ちなみに、2008年末のなんでや劇場では、経済が1970年レベル、1960年レベルに縮小した場合も試算され、1970年レベルでGDP縮小40%、失業率15%、1960年レベルでGDP47%、失業率20%となった。
●1980年レベルの暮らしぶりって?
さて、現在から実質GDPが3割縮小すると1980年のレベルになるわけだが、この頃の暮らしぶりとはどの程度のものだっただろうか?
筆者は当時中学3年生だったが、パソコン・インターネットと携帯電話は無く、音楽はCDやi−PODではなくレコード、ビデオデッキはまだ高価で、全ての家庭にあるというものではなかった。そして、様々な家電製品の機能やデザインは今ほど華やかではなかったが、それ以外は、現在と比べて大した違いがあるという印象は無い。

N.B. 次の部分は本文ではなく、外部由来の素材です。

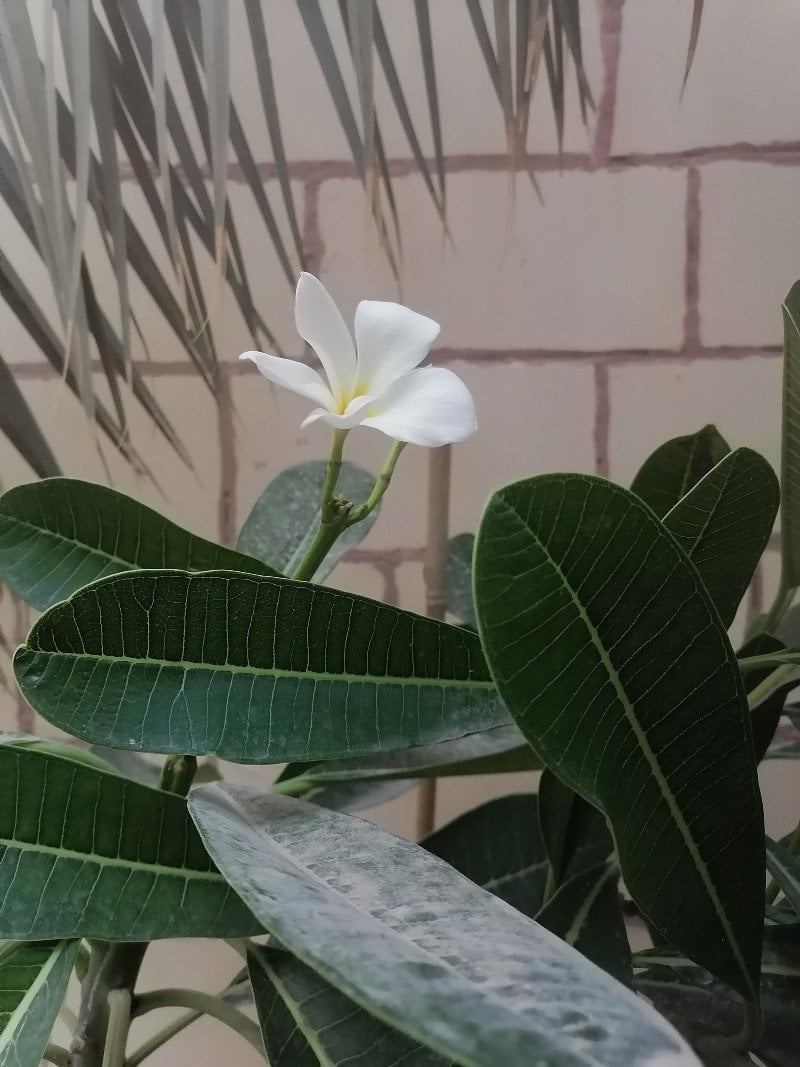 الاء عامر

当時、海外旅行はまだ高価な娯楽という感じで、ハワイやニューヨークに憧れる人間も多かった(バブル期にそれが爆発した)けれど、今や海外旅行もそれほど魅力的なものではない。無論、生活が苦しい、などという感じはまったく無かった。
要するに消費者生活的には、GDP3割縮小の暮らしとは、現在より多少モノが減る、あるいは長持ちさせないといけない、というだけで、十分やっていける世界なのだ。
問題は「仕事」だ。1980年代はまだそれら家電製品や建設需要、旅行など伸びている消費に応える仕事で暮らしを立てていたが、それらは今後は最小限に縮小される。
だから必要なのは、豊かさ追求の時代の仕事に代わる「新しい仕事」なのであり、それが無いと、上記のように失業11%となる。逆に言えば、その新しい仕事さえ潤沢に確保できるなら、GDPは3割縮小しても全く平気だということだ。